[Provided information Boundary: Start]

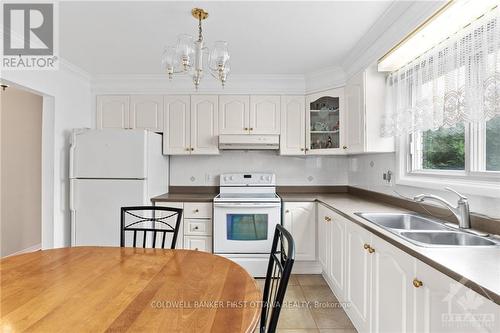 1174 Clyde Avenue, Ottawa, ON - Indoor Photo Showing Kitchen With Double Sink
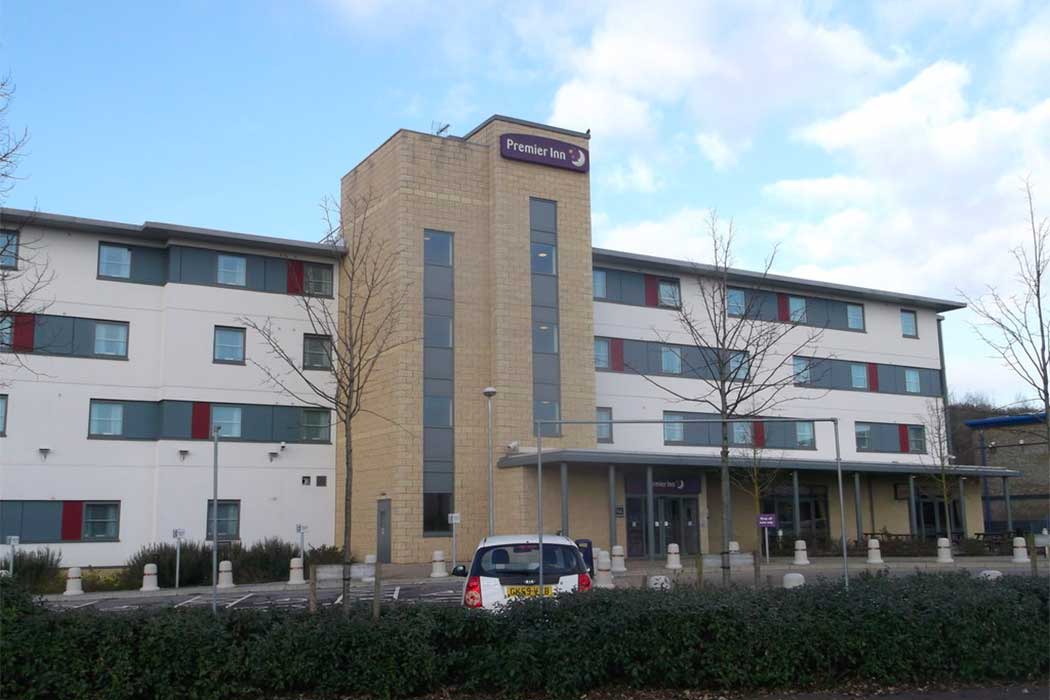 The Premier Inn Rochester hotel is a modern hotel offering a high standard of accommodation for a reasonable price but its location near Junction 2 of the M2 means that it is best suited if you’re driving. (Photo: David Anstiss [CC BY-SA 2.0])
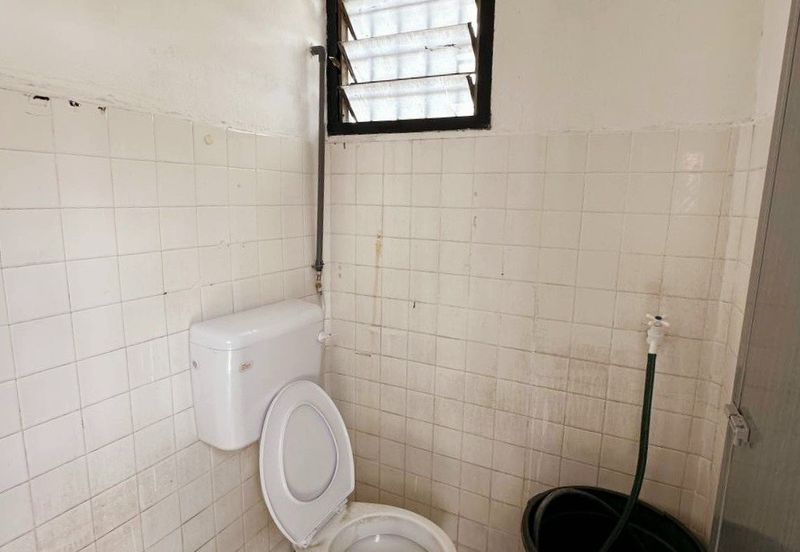 Bercham Double Storey Terrace House Corner Unit For Sale 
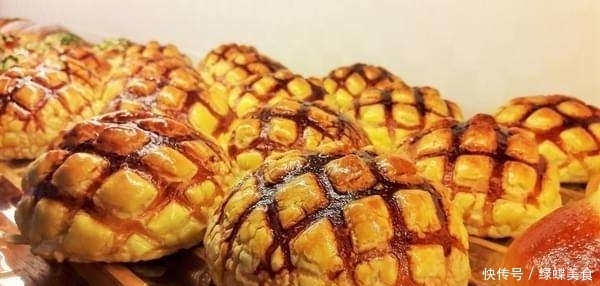 香甜可口|菠萝面包在家就能做，几个步骤非常简单，香甜可口早餐必备！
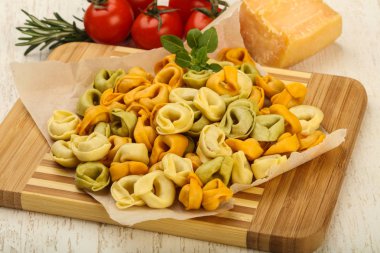 Fesleğenli - yemek için hazır çiğ tortellini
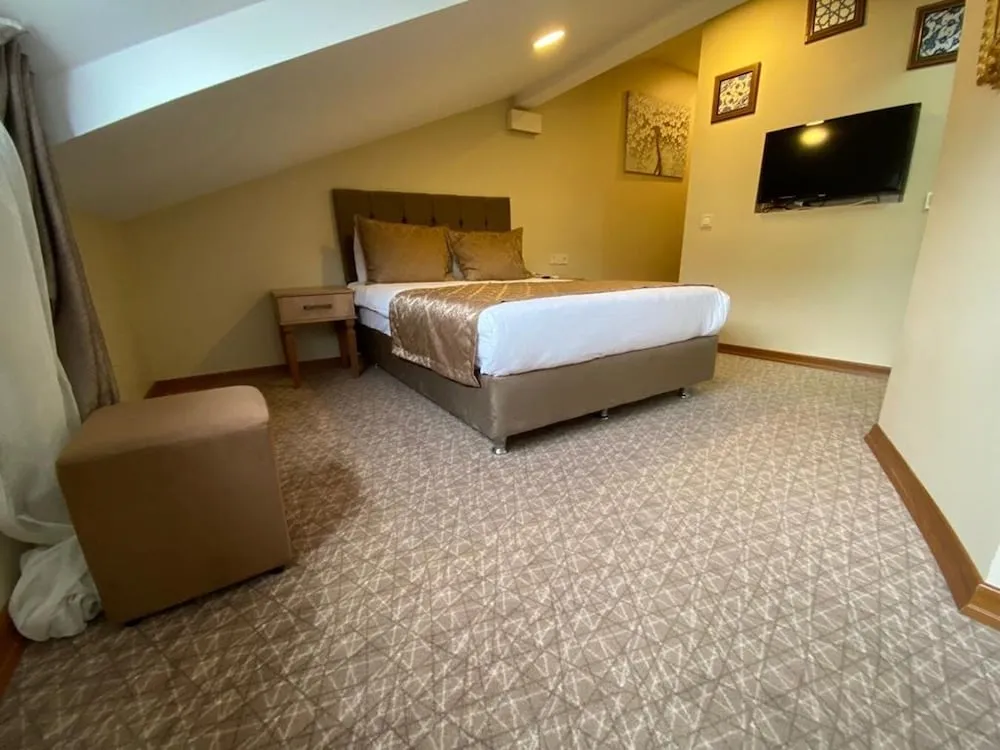 Economy Double or Twin/Basement Floor Budget Room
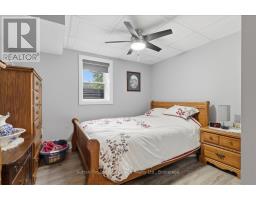 34 DIXON ROAD - 31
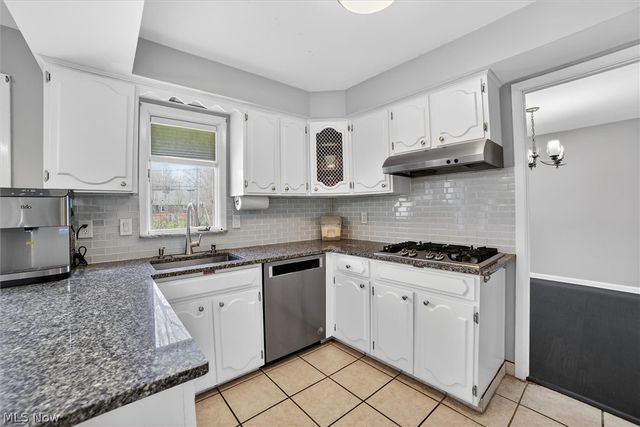 1905 Camberly Drive, Cleveland, OH 44124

[Provided information Boundary: End]

_Problem statement_
An exact copy of the entries, minus the pictures, is what's needed here.

_Solution to this task_
 1174 Clyde Avenue, Ottawa, ON - Indoor Photo Showing Kitchen With Double Sink
 The Premier Inn Rochester hotel is a modern hotel offering a high standard of accommodation for a reasonable price but its location near Junction 2 of the M2 means that it is best suited if you’re driving. (Photo: David Anstiss [CC BY-SA 2.0])
 Bercham Double Storey Terrace House Corner Unit For Sale 
 香甜可口|菠萝面包在家就能做，几个步骤非常简单，香甜可口早餐必备！
 Fesleğenli - yemek için hazır çiğ tortellini
 Economy Double or Twin/Basement Floor Budget Room
 34 DIXON ROAD - 31
 1905 Camberly Drive, Cleveland, OH 44124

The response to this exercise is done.